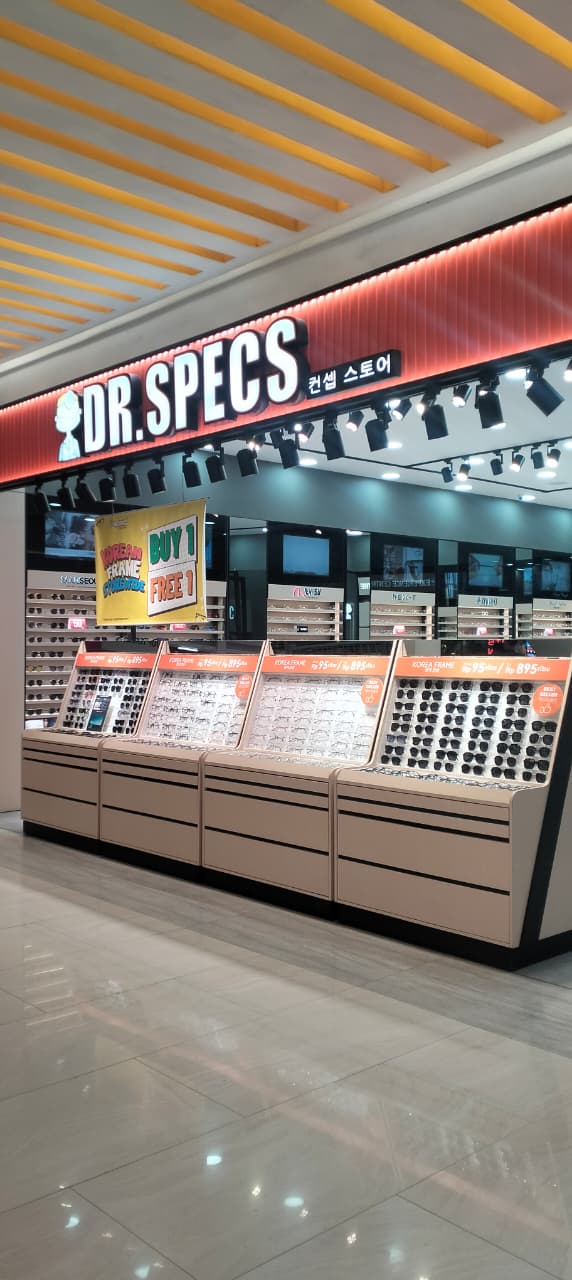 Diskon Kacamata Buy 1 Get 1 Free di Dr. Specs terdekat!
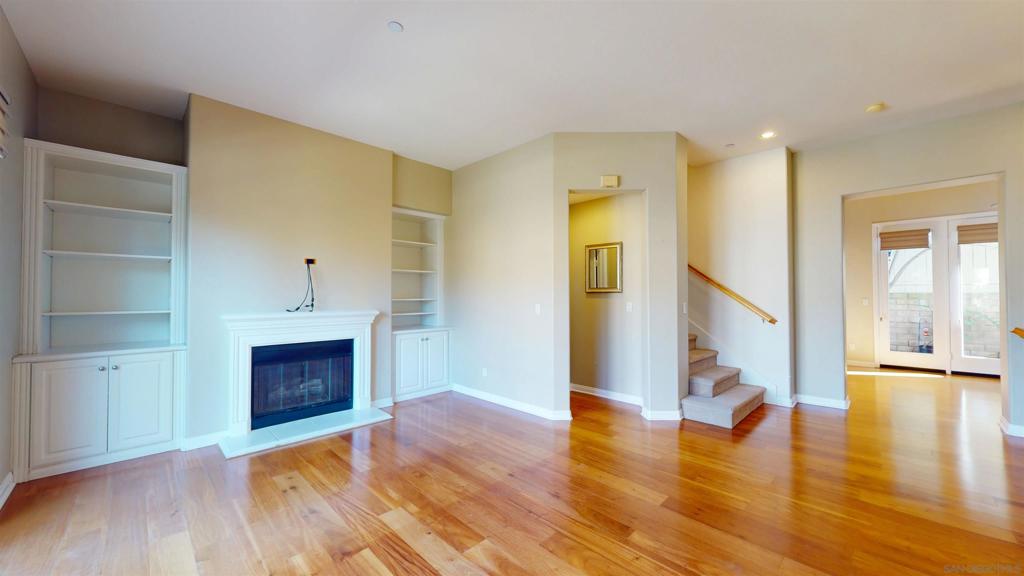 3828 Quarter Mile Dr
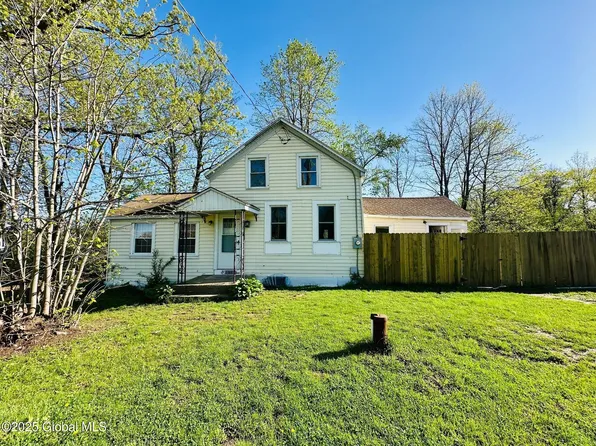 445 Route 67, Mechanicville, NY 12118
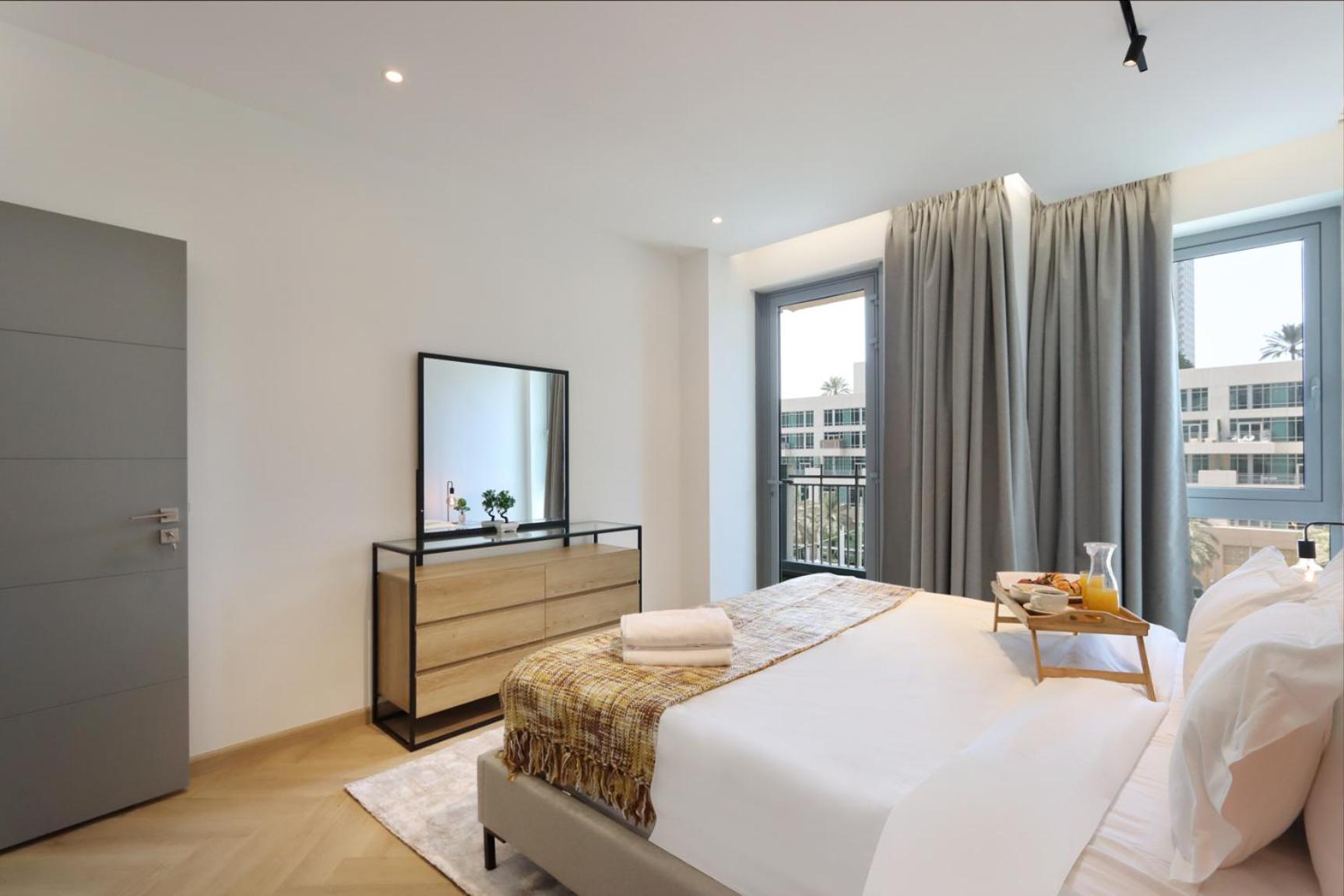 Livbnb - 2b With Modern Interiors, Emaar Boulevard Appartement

◆ **Exercise goal**: Copy exactly the lines that run from the line containing "445 Route 67, Mechanicville, NY 12118" to the end of the data, keeping both end lines and dropping every picture.

◆ **Result below**:
 445 Route 67, Mechanicville, NY 12118
 Livbnb - 2b With Modern Interiors, Emaar Boulevard Appartement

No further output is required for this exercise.